16. On or about August 30, 2000, the Teagues sent Bisceglia a demand letter describing his unfair and/or deceptive acts and/or practices, outlining the applicable provisions of G.L.c. 93A, and demanding relief.
17. On or about September 14, 2000, the Teagues received a letter from Bisceglia dated September 13, 2000. Bisceglia did not offer to settle the claims alleged by the Teagues.
18. The Teagues breached the Purchase and Sale Agreement when the closing attorney and settlement agent demanded for the first time that Bisceglia execute the Affidavit as a condition of the mortgage loan.
19. Paragraph 21 of the Purchase and Sale Agreement provides for liquidated damages in the event of Teagues’ default. The liquidated damages provision of the Purchase and Sale Agreement is fair and reasonable. The amount of the deposit held by Bisceglia’s broker was $15,275.00.
13 RULINGS OF LAW
Based on the foregoing Findings of Fact, I make the following Rulings of Law.
The terms of the Purchase and Sale Agreement were unambiguous. The Purchase and Sale Agreement contained an integration clause stating that the agreement reflected the entire agreement of the parties. Bisceglia complied with all of his obligations under the Purchase and Sale Agreement.
At the closing, Bisceglia offered to hold the lender’s disbursement until the walk-through was completed by the Teagues. Bisceglia was ready to tender a quitclaim deed at the closing. Bisceglia had no legal obligation under the Purchase and Sale Agreement to sign the Title Insurance Affidavit that was presented to him at the closing.
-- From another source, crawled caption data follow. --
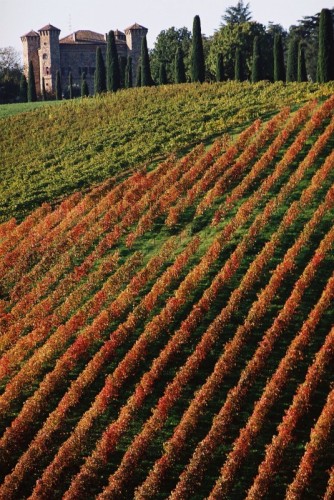 Quattro Castella - Il più bello Quattro Castella - Il più bello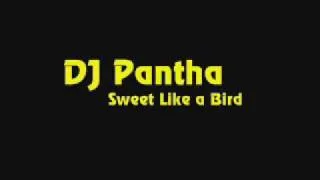 DJ Pantha - Sweet Like a Bird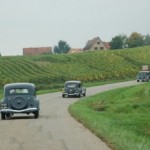 Sur la route des vins en Alsace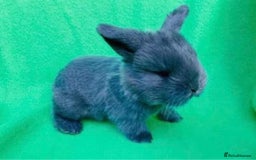 Mini Lop rabbits for sale: MINI LOP BUNNIES - PEDIGREE  - Image 8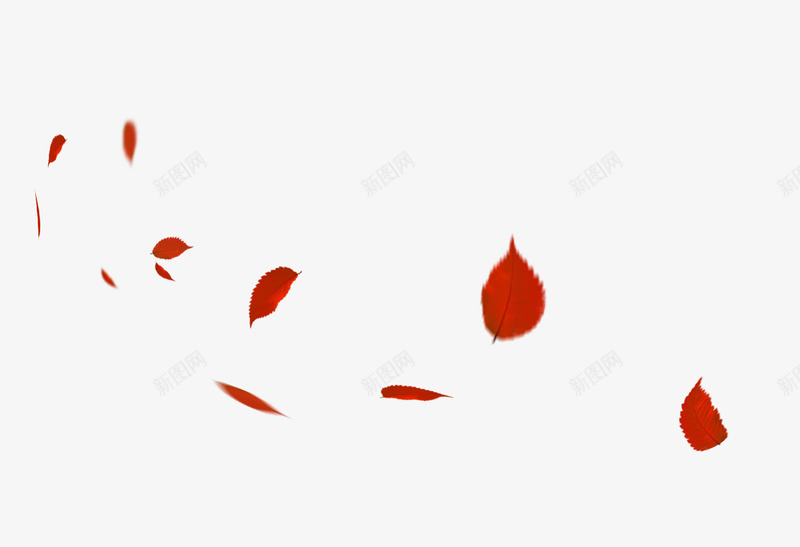 红色简约树叶漂浮png免抠素材_新图网 https://ixintu.com 免抠PNG 树叶 漂浮素材 简约 红色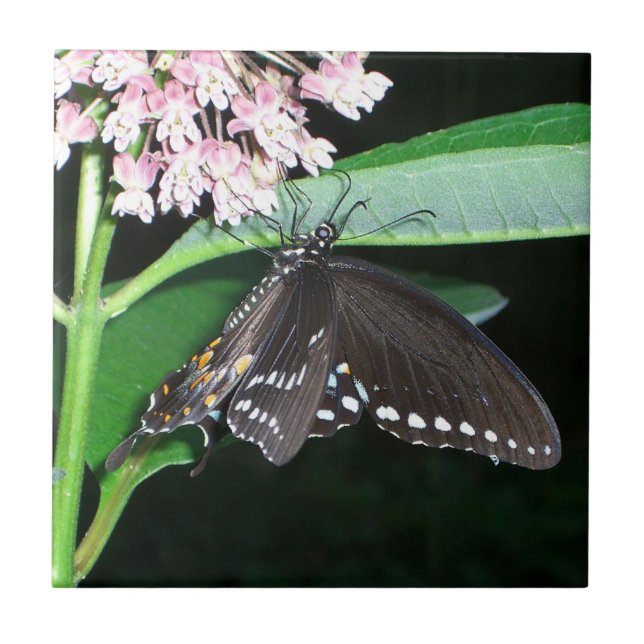 Carreau Papillon de nuit noir Swallowtail à Shenandoah (Devant)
ATitle Insurance Affidavit is not a title document.
There was no consideration running from the Teagues and/or First Financial and/or First American to Bisceglia in exchange for the indemnification sought from him in the Affidavit.
There is nothing implicit in the Purchase and Sale Agreement at issue herein that required the seller to execute any loan documents as a condition for the buyers to obtain financing. The mortgage contingency contained in the Purchase and Sale Agreement is for the benefit of the Teagues and does not require them to obtain any particular type of mortgage nor does it require Bisceglia to satisfy any requirements that a buyer’s lender, e.g. First Financial, may have which a seller is not otherwise required to perform.
The term “marketable title” has little or no meaning under the circumstances of this case. As stated in Mishara v. Albion, 341 Mass. 652 (1961), “(T]he test of marketability is whether the title is good beyond a reasonable doubt. [Citations omitted.) The doubt is ‘such as would cause a prudent man to pause and hesitate before investing his money.’ First African Methodist Episcopal Soc. v. Brown, 147 Mass. 296, 298. The title must be ‘free from obvious defects, and substantial doubts.’ O’Meara v. Gleason, 246 Mass. 136, 138. But a mere possibility of a defect in title will not relieve the purchaser from liability under his contract. Ryder v. Garden Estates, Inc., 329 Mass. 10, 12, and cases cited.”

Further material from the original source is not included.